§ **Your assignment**: Pictures stay out of the copy. Retype exactly the lines below from the one with "Vietnamese Natural Gray" through the one with "Baseus Słuchawki z".

§ **Records supplied**:
:::::

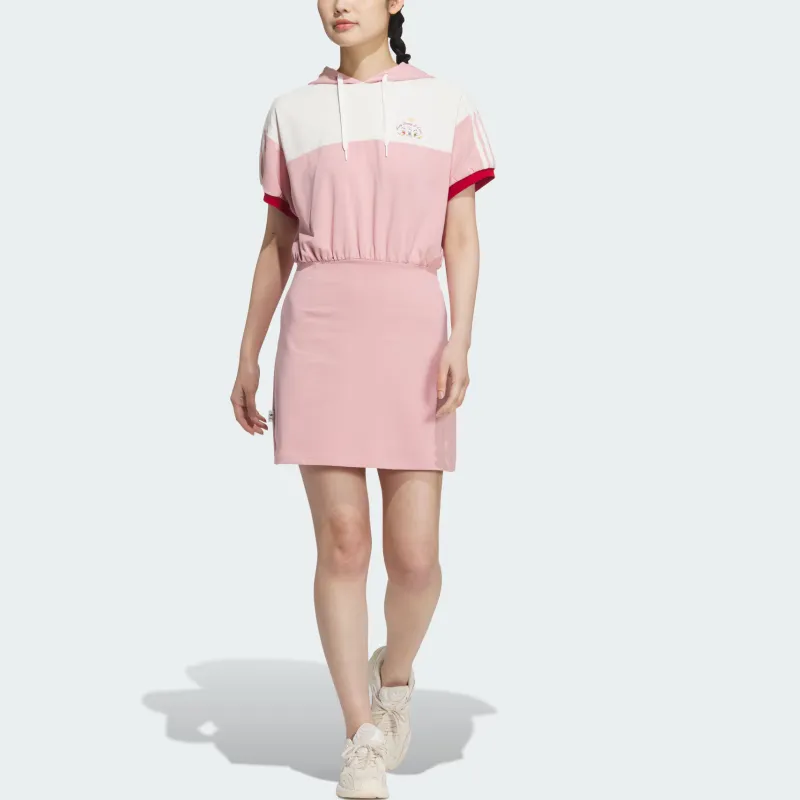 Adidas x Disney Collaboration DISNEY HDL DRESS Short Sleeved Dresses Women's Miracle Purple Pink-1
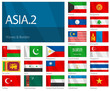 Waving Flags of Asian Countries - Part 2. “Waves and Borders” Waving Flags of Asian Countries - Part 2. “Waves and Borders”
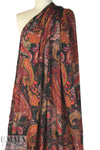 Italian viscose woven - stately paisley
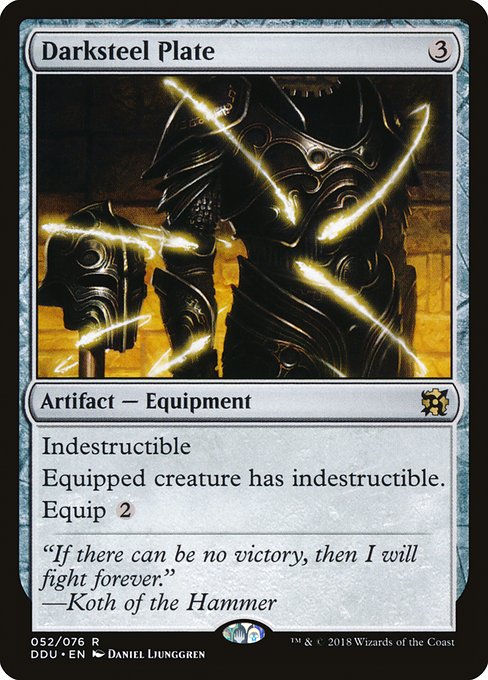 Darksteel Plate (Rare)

:::::

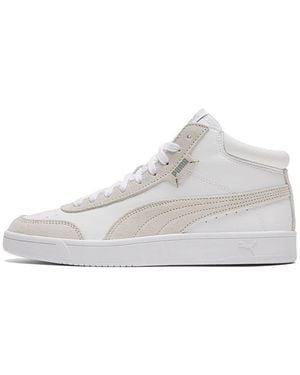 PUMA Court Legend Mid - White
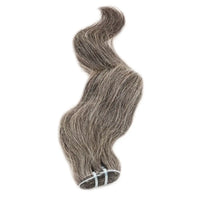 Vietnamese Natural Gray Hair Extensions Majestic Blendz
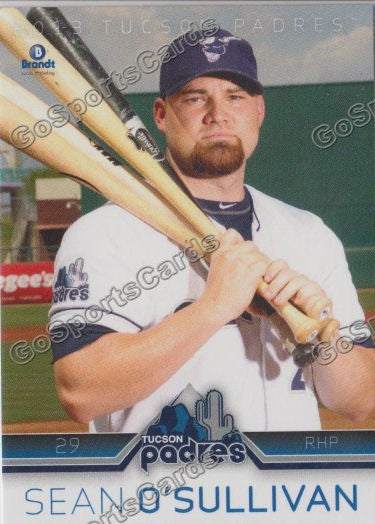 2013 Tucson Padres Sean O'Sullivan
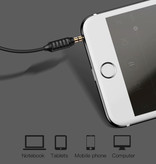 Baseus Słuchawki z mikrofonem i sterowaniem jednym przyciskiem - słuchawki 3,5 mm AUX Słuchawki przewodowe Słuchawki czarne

:::::

§ **Reply**:
 Vietnamese Natural Gray Hair Extensions Majestic Blendz
 2013 Tucson Padres Sean O'Sullivan
 Baseus Słuchawki z mikrofonem i sterowaniem jednym przyciskiem - słuchawki 3,5 mm AUX Słuchawki przewodowe Słuchawki czarne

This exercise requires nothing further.